At some point last year, I made the stupidest of decisions: I stopped watching Riverdale.
Which, to an extent, I could justify. Suffering from a case of pop culture exhaustion (note: if you try and watch every TV show, you too will melt down and be able to watch only reruns of shows you’ve already seen a million times), I abandoned a series I’d deemed too over-the-top. Not that it wasn’t.
Where the murder of Jason Blossom dictated the narrative of season one, season two delivered everything from gang rivalries to a masked murderer to Archie Andrews continuing to believe he was tough and/or interesting. (He is neither.) And I was too tired for any of it: I didn’t want to sift through Archie’s emotional baggage, I didn’t want to invest my feelings into his journey into Riverdale’s criminal underbelly, and I didn’t care about Chic. (Remember Chic? Of course you do. I will be 97 years old, and I will still remember – and be cursing – Chic.) So I abandoned ship and vowed never to return.
My fate was sealed.
This winter was tough. It was long, it was cold, and I don’t know a single person who basked in the iciness of horizontal sleet or the cruelty of the polar vortex. To face reality took strength and courage, and the last place I wanted to confront it was in the comfort of my home. Suddenly, I craved the drama of fictional high school students from a small town with no mall, and I longed to return to a world that seemed to lack any communication with the outside one. I faced the brutality of winter’s sameness for 24 hours a day, seven days a week – and now I needed an hour where conspiracies flourished and drugs were called Jingle Jangle.

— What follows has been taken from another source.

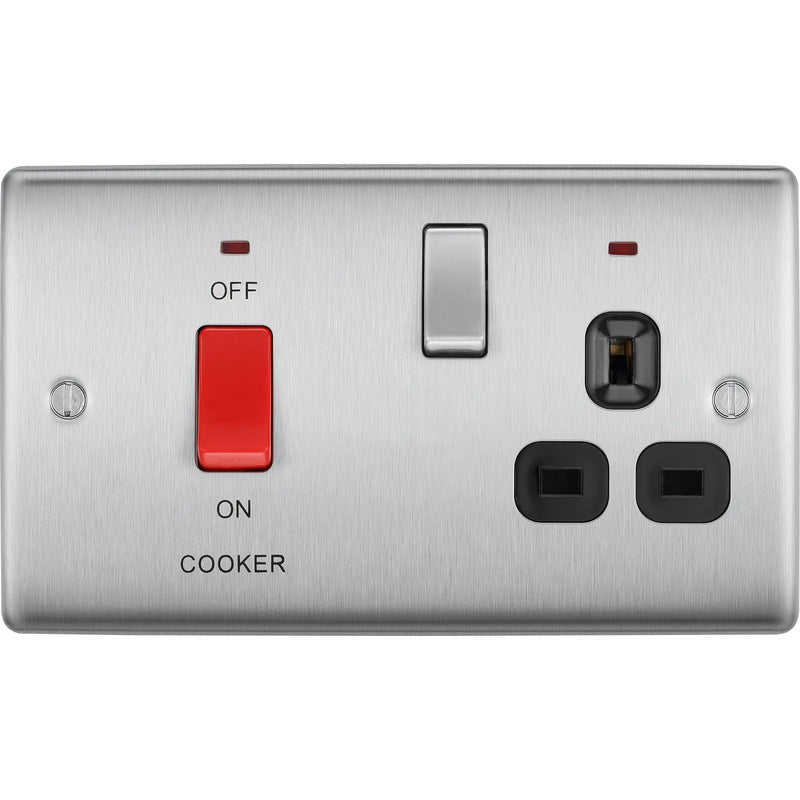 BG Electrical Nexus Metal Brushed Steel - 45A double pole, with switched socket and indicators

So I plunged back in. I watched as family members were revealed to be murderers, and prodigal sons were discovered to be imposters. I celebrated the discovery of underground fight clubs and corrupt city leaders attached to board games seemingly powered by ghouls or goblins. Phrases like “the farm” began to mean just as much as Betty Cooper’s ponytail, and I stopped questioning how a high school student could successfully operate a speakeasy while attending classes full-time. Quickly, what I’d come to hate about Riverdale was what kept me adhered to it. For at least an hour a week (or more, depending on how many episodes I had to catch up on), I could forget how terrible winter was.

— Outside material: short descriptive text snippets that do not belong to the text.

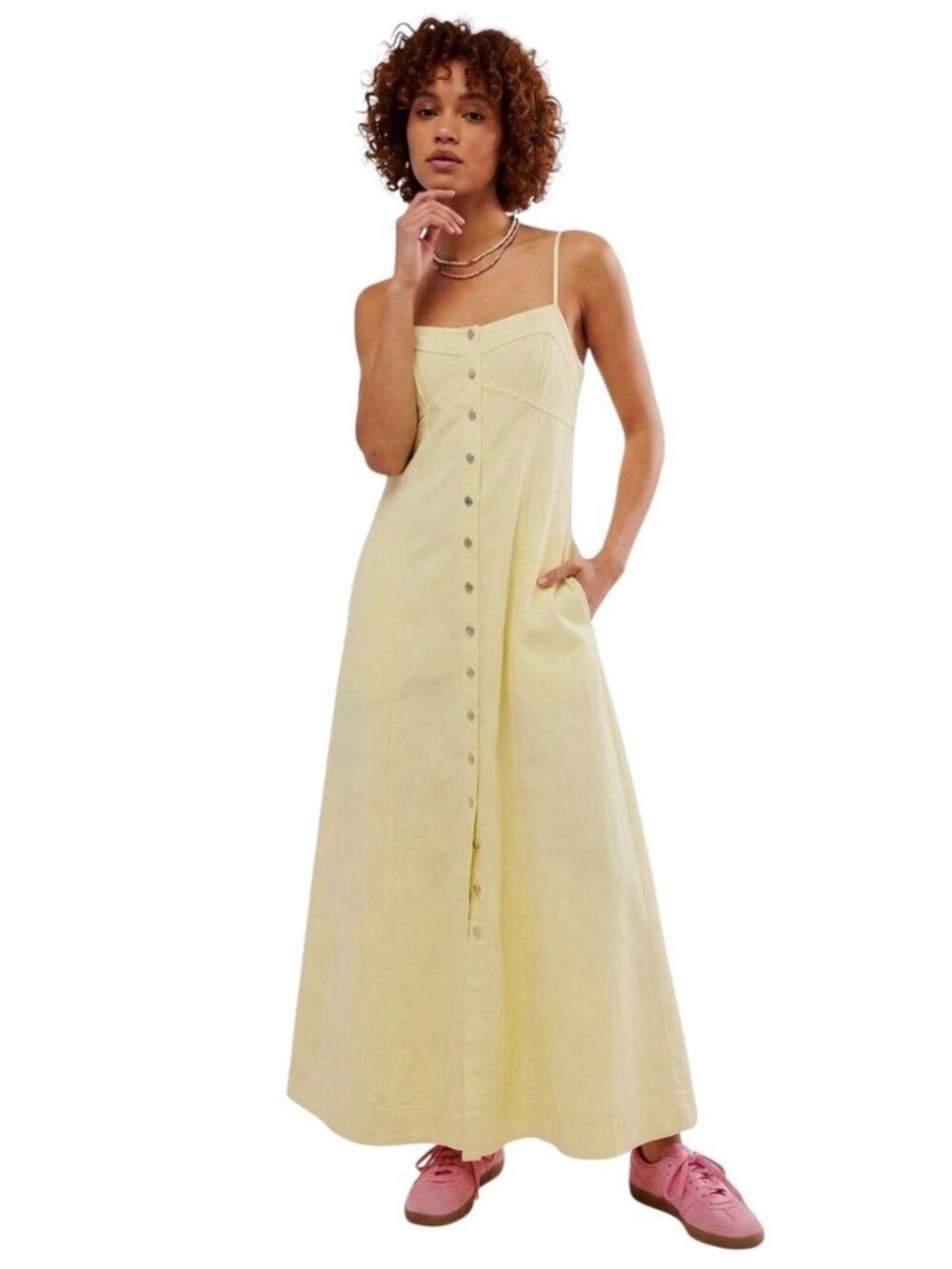 Free People Maxi Dress Women Yellow Just Jill Cotton  Vacay Boho Retro Small S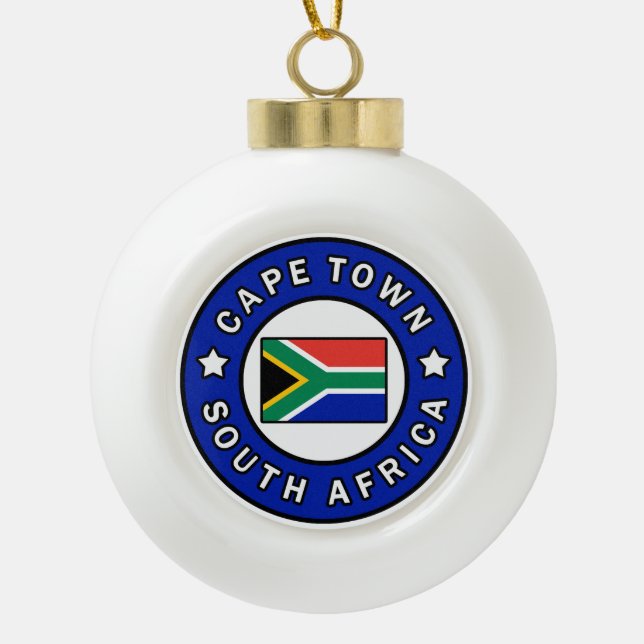Cape Town South Africa Ceramic Ball Christmas Ornament (Front)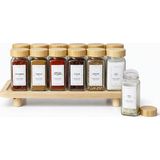 Feyza Design 12'li Bambu Kapaklı Ahşap Standlı Cam Baharatlık Seti, 120ML, Etiket Dahil - Seçenek 1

And now it is spring. Birds are chirping, I didn’t wear a coat yesterday, and the only snow left is in the form of dirty, residual piles created by months of shoveling. But I’m not about to bid Riverdale adieu – far from it. I’m an anxious, often-angry 33-year-old woman, and while I could claim that I fell back in love with a teen series because winter made me sad, I would prefer to tell the truth: I love weird, over-the-top, dramatic teen series. I adore the plot lines that could logically be solved with a single text or decision to leave the town that boasts only one diner. I’m obsessed with the fact that grown-ups care so much about their children’s day-to-day lives in a way typically reserved for . . . I don’t know what, because I don’t know any parents who were that invested in anything their teens did. I want to see more actors I loved as a kid show up to remind me that they’re still deserving of my love now, and I want to scream-yell at anyone listening that if Hiram Lodge was my father, I’d apply to school across the country and likely never return.
I want my teenage soap opera series. And I was a fool to think I could escape this fact. Now if you’ll excuse me, I have to stitch a serpent emblem on my leather jacket.